Dualismo agricoltura/energia

L’articolo 5 dell’appena approvato Decreto Legge 15 maggio 2024, n. 63 “Disposizioni finalizzate a limitare l’uso del suolo agricolo” limita a poche fattispecie l’installazione di impianti fotovoltaici con moduli collocati a terra in zone classificate agricole dai piani urbanistici vigenti. Questo provvedimento legislativo ripropone in termini attuali l’antico dualismo agricoltura/energia. Da sempre l’agricoltura ha prodotto, oltre agli alimenti, materie prime per l’artigianato e l’industria, come per esempio legname da costruzione, pellami, gomme, fibre tessili, cellulosa, coloranti, farmaci e via enumerando. Ha inoltre rappresentato un’importante fonte di energia, a cominciare dalla produzione di legna da ardere, fonte energetica primaria fin dall’introduzione del controllo del fuoco. Sin dall’alba dell’agricoltura la principale forza motrice usata in agricoltura, nelle costruzioni, nei trasporti e nelle industrie è stata offerta da animali domestici (buoi, cavalli, bufali, asini, muli, cammelli, elefanti) la cui alimentazione – e quindi la cui energia – era assicurata dalla produzione di foraggi e mangimi o dalla disponibilità di pascoli. La produzione di energia era quindi in competizione con la produzione di cibo: l’area destinata alla produzione di alimenti ad uso zootecnico era superficie sottratta alla produzione di alimenti per la nutrizione umana diretta. Come scrive Slicher Van Bath[1], ogni miglioramento dell’efficienza dell’utilizzo della trazione animale si è concretizzato infatti in una diminuzione della superficie agricola destinata all’alimentazione degli animali da lavoro e nella conseguente maggiore disponibilità di terra per la produzione di cibo per l’alimentazione umana. Nel secolo scorso, la meccanizzazione agraria ha certamente liberato gli agricoltori e le loro famiglie dalla penosità del lavoro manuale, come messo in evidenza da un precedente editoriale, ma ha anche  liberato importanti superfici agricole, non più necessarie per alimentare il bestiame da lavoro e quindi disponibili per la produzione di alimenti per uso umano.
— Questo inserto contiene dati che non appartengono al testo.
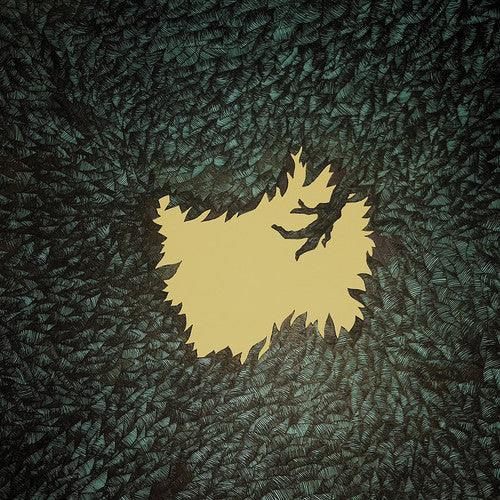 Hop Along- Get Disowned ( Vinyl )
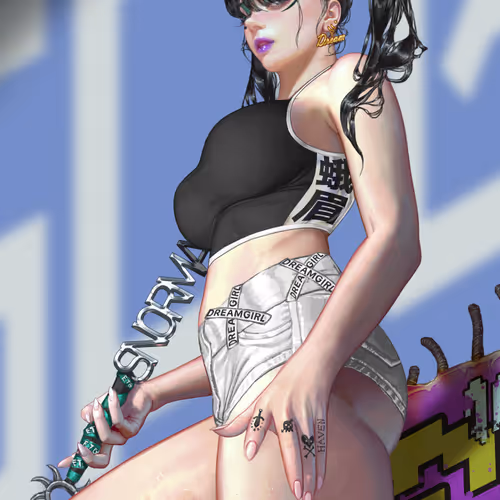 Sn Dream Girls
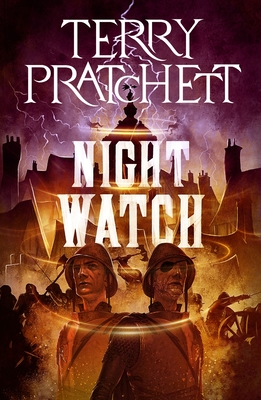 Night Watch: A Discworld Novel - Pratchett, Terry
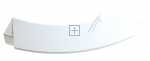 Handle - 12006157 Tray Handle-dispenser - White Silver Graphic: Anthracite Gr [Bosch Siemens]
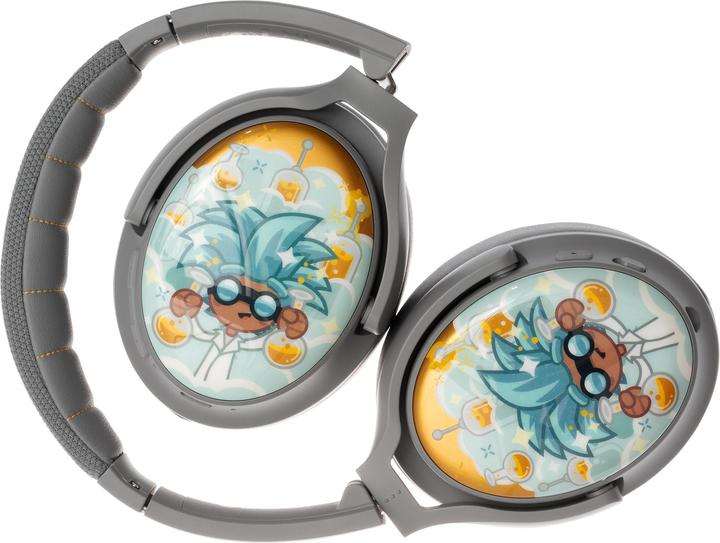 Actual product image Buddyphones Cosmos+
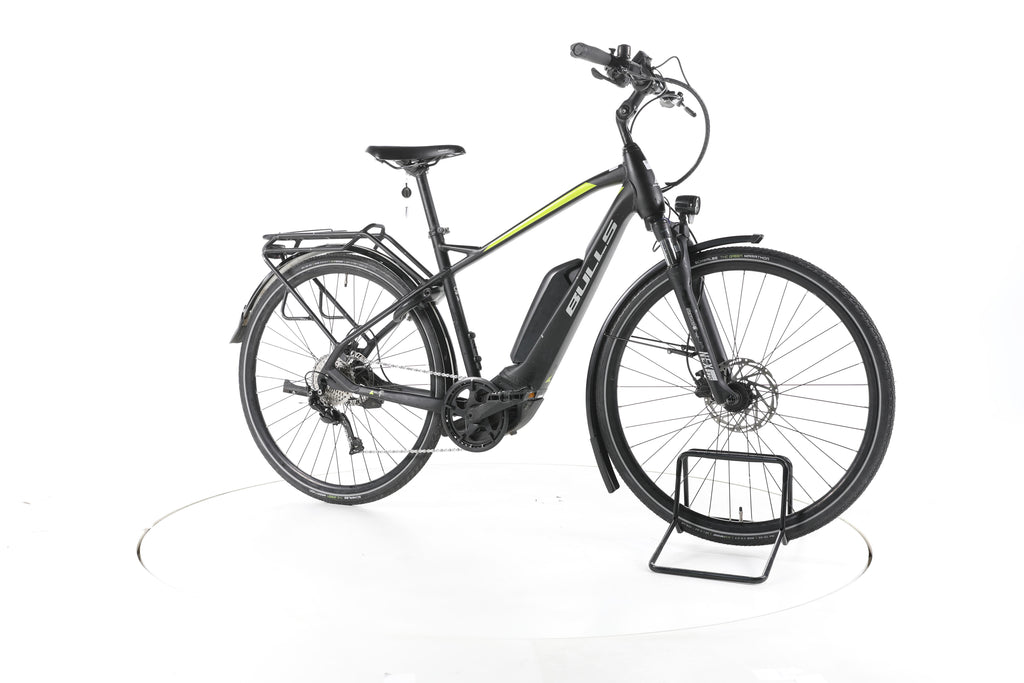 Bulls Street CX Trekking E-Bike - Image 2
Negli ultimi decenni del secolo scorso, la competizione tra produzione di alimenti e produzione di energia si è riproposta con l’adozione delle colture energetiche. La produzione di biomassa vegetale da usare per ottenere bioetanolo e biodiesel ha sottratto superficie agraria alla produzione di alimenti in molti Paesi del mondo, contribuendo alla volatilità dei prezzi delle derrate alimentari. Questa conversione è stata animata sia dalla ricerca della sovranità energetica che dalla volontà di ridurre le emissioni di gas climalteranti. L’uso di combustibili derivati da biomassa vegetale infatti restituisce all’atmosfera la stessa quantità di anidride carbonica che è stata sottratta dalla fotosintesi clorofilliana durante la fase di produzione agricola, rendendo l’intero processo climaticamente neutro.

Infine l’agrivoltaico, entrato prepotentemente in scena negli ultimi anni, che permette di convertire l’energia solare in energia elettrica. Una fonte rinnovabile quindi. Ma anche qui sono necessarie grandi superfici per produrre quantità di energia significative. Finché si usano i tetti delle installazioni agricole (capannoni, fienili, magazzini, stalle, altre costruzioni rurali) non sussistono grandi problemi. Quando invece si utilizzano superfici agricole, scatta la competizione con l’uso agricolo dei terreni e l’agrivoltaico va a discapito della produzione di alimenti. È questo consumo di suolo che il Decreto Legge ha inteso contenere. L’utilizzo di impianti sollevati da terra, che lasciano lo spazio per effettuare delle coltivazioni può in alcuni casi suggerire un utile compromesso tra la produzione energetica e la destinazione agricola del suolo. Gli impianti fotovoltaici sollevati da terra, però, pongono problemi agronomici non completamente risolti, anche per l’esiguità della ricerca agronomica in corso su questo specifico argomento. La tecnologia dell’agrivoltaico, molto avanzata per la parte impiantistica, necessita di sviluppo soprattutto per la sua componente agronomica.